● WHAT THE EXERCISE ASKS:
From the first line to the last, restate every record word for word, leaving out the pictures.

....................

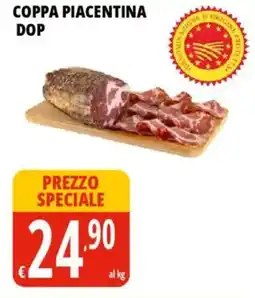 Tigros Coppa piacentina DOP offerta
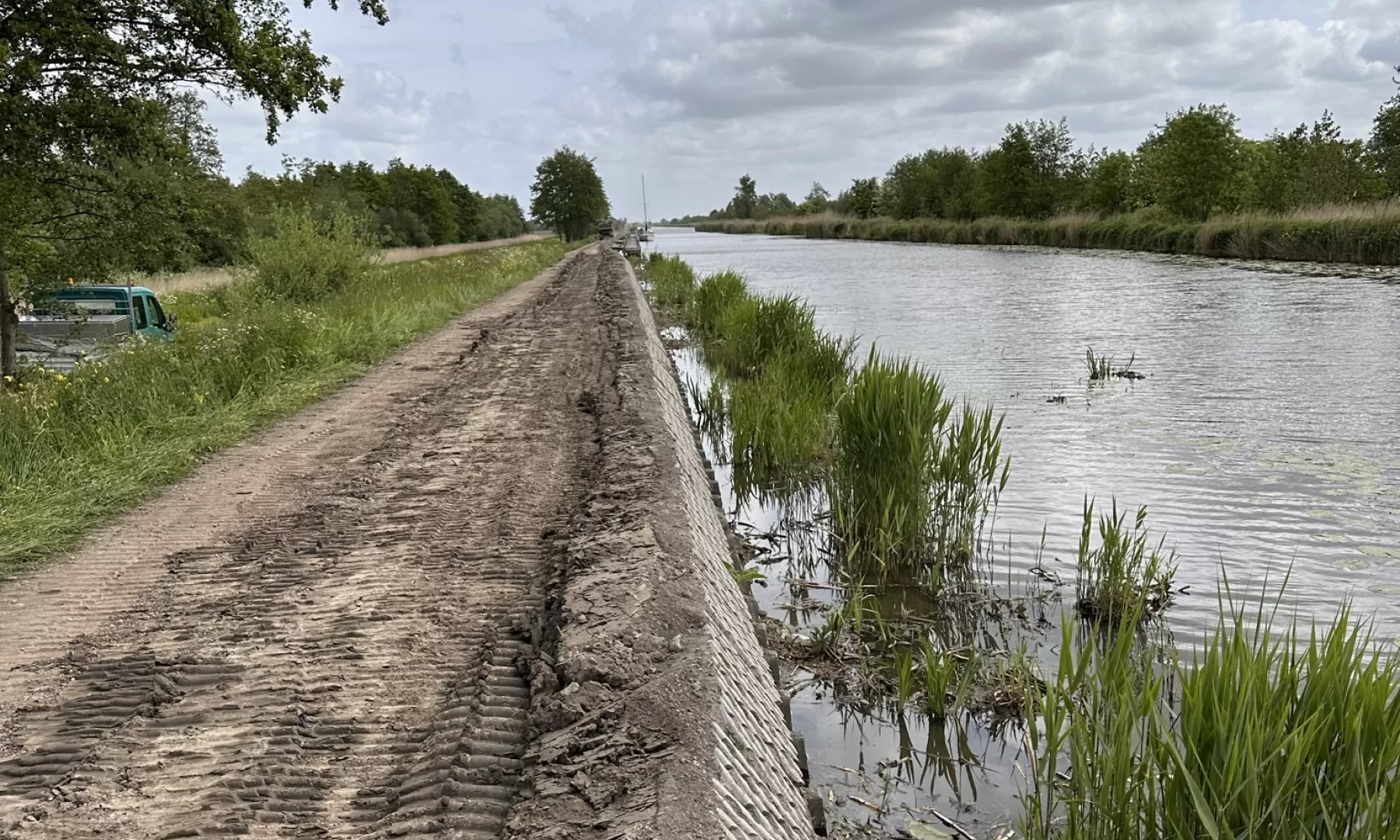 Grootschalige beschoeiingen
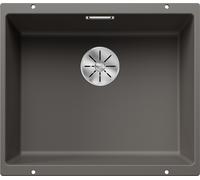 Blanco Lavello una vasca SUBLINE 500-U 1527353 finitura grigio vulcano da 53x46 cm - Sottotop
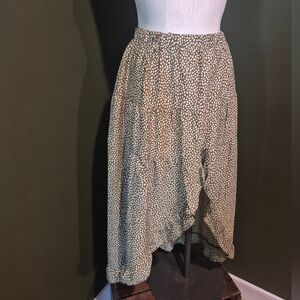 Timeless High-Low Women's Maxi Skirt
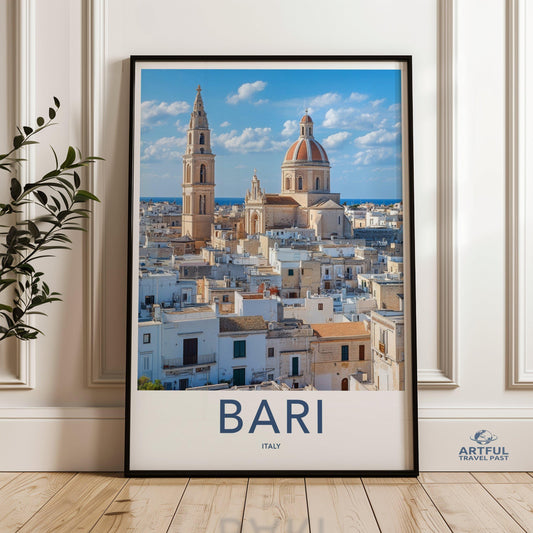 Bari Poster - Italy Wall Art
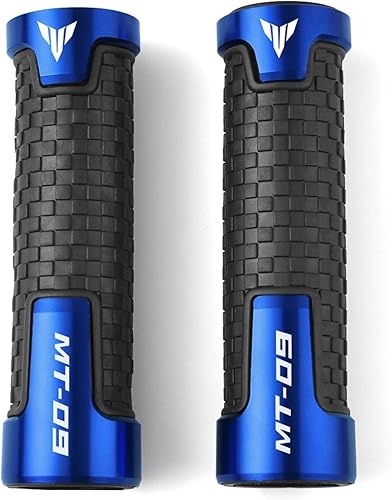 Mango cómodo para MT07 MT-07 MT09 MT-09 MT03 MT-03 Mt03 78 ''22MM manillar de motocicleta Grips Racing Hand Bar Grip con logotipo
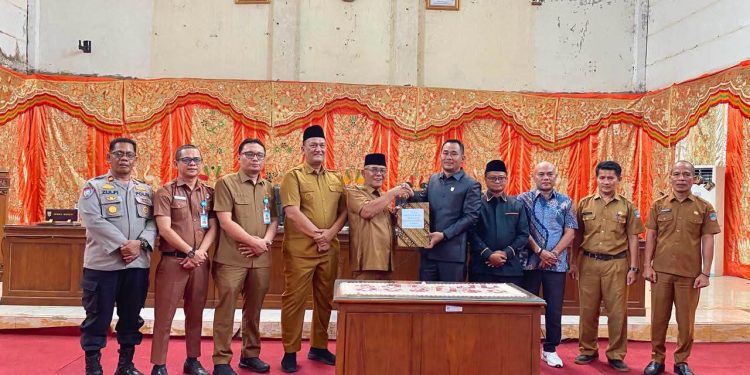 Pemkab dan DPRD Pasaman Barat Sepakati KUA-PPAS APBD Perubahan 2026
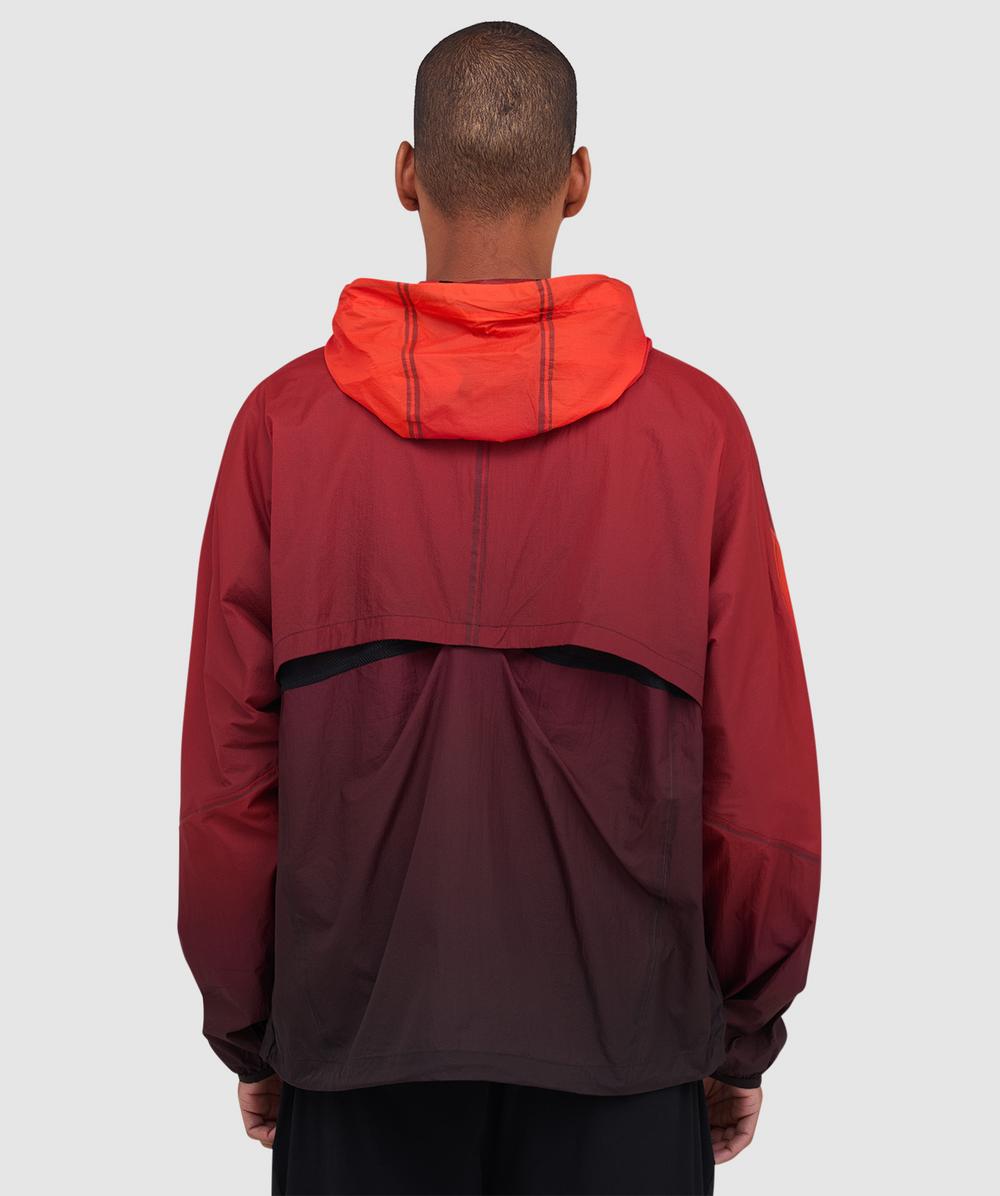 Purple Mountain Observatory Breeze ombre jacket | ORANGE OMBRE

....................

● YOUR RESPONSE:
 Tigros Coppa piacentina DOP offerta
 Grootschalige beschoeiingen
 Blanco Lavello una vasca SUBLINE 500-U 1527353 finitura grigio vulcano da 53x46 cm - Sottotop
 Timeless High-Low Women's Maxi Skirt
 Bari Poster - Italy Wall Art
 Mango cómodo para MT07 MT-07 MT09 MT-09 MT03 MT-03 Mt03 78 ''22MM manillar de motocicleta Grips Racing Hand Bar Grip con logotipo
 Pemkab dan DPRD Pasaman Barat Sepakati KUA-PPAS APBD Perubahan 2026
 Purple Mountain Observatory Breeze ombre jacket | ORANGE OMBRE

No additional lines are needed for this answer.